« Dans le milieu des travailleurs sociaux, on considère souvent la technologie avec condescendance, comme si elle était presque un antihumanisme, inférieure aux relations humaines en face-à-face », explique Yann Leroux, psychanalyste et formateur auprès des travailleurs sociaux. Et pourtant, comme la quasi-totalité des corps de métiers, le travail social est désormais totalement imprégné par le numérique. Mais comment ces nouveaux outils sont-ils acceptés et utilisés par les professionnels du secteur ? L’écran s’interpose-t-il réellement entre le travailleur social et le public qu’il accompagne ? Et son usage quasiment incontournable détériore-t-il la relation entre les deux parties ?
D’une part, les travailleurs sociaux évoluent dans un environnement de travail où les technologies prennent de plus en plus de place. Les logiciels professionnels (progiciels) et les équipements informatiques (smartphones et ordinateurs mobiles professionnels) sont devenus la norme. Les SMS et les réseaux sociaux constituent désormais des outils pour communiquer avec les usagers. D’autre part, dans le cadre de leur accompagnement social ou éducatif, les professionnels du secteur sont confrontés à des questions numériques qui viennent non pas de leur propre environnement mais de la situation des usagers. Le public qu’ils suivent peut rencontrer des envies, des demandes, des besoins ou des difficultés numériques que les travailleurs sociaux ont à prendre en charge dans le cadre de leur accompagnement, sans toujours savoir si cela entre dans leurs prérogatives. Ainsi émerge un véritable trouble dans la pratique du travail social.

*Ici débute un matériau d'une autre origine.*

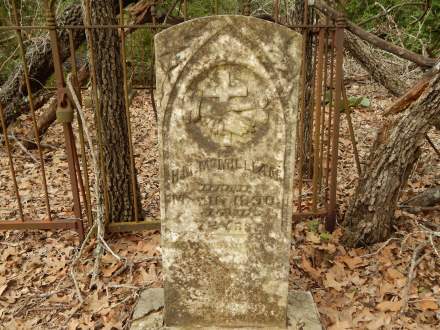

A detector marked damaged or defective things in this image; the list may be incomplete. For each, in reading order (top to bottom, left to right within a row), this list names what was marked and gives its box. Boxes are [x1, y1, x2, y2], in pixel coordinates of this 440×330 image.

Pour Joran Le Gall, président de l’Anas (Association nationale des assistants de service social) et assistant social dans un établissement médico-psychologique de Seine-Saint-Denis, un nombre grandissant de patients et d’usagers réclament aux professionnels qui les suivent une aide numérique pour effectuer leurs démarches administratives : « Notre travail quotidien change. Du fait de la difficulté d’accès et de lisibilité des plateformes de services publics comme celles des CAF [caisses d’allocations familiales], des préfectures, de la Cnav [Caisse nationale d’assurance vieillesse] ou de la sécurité sociale, collecter des éléments pour remplir un dossier administratif finit par remplacer nos fonctions initiales, qui consistent à établir des relations psychosociales avec des personnes en difficulté. On en vient à ne plus faire que cela. Chez les assistants sociaux, il y a un véritable sentiment de déqualification. Nous avons l’impression d’être relégués au rang de guichet d’accès aux droits. » Confrontés à ces nouvelles demandes de la part des usagers – 13 millions de Français (soit 20 % de la population) s’estiment en difficulté avec le numérique, selon une étude gouvernementale de 2018 –, les travailleurs sociaux ont parfois le sentiment que leur rôle se limite à celui d’accompagnant numérique.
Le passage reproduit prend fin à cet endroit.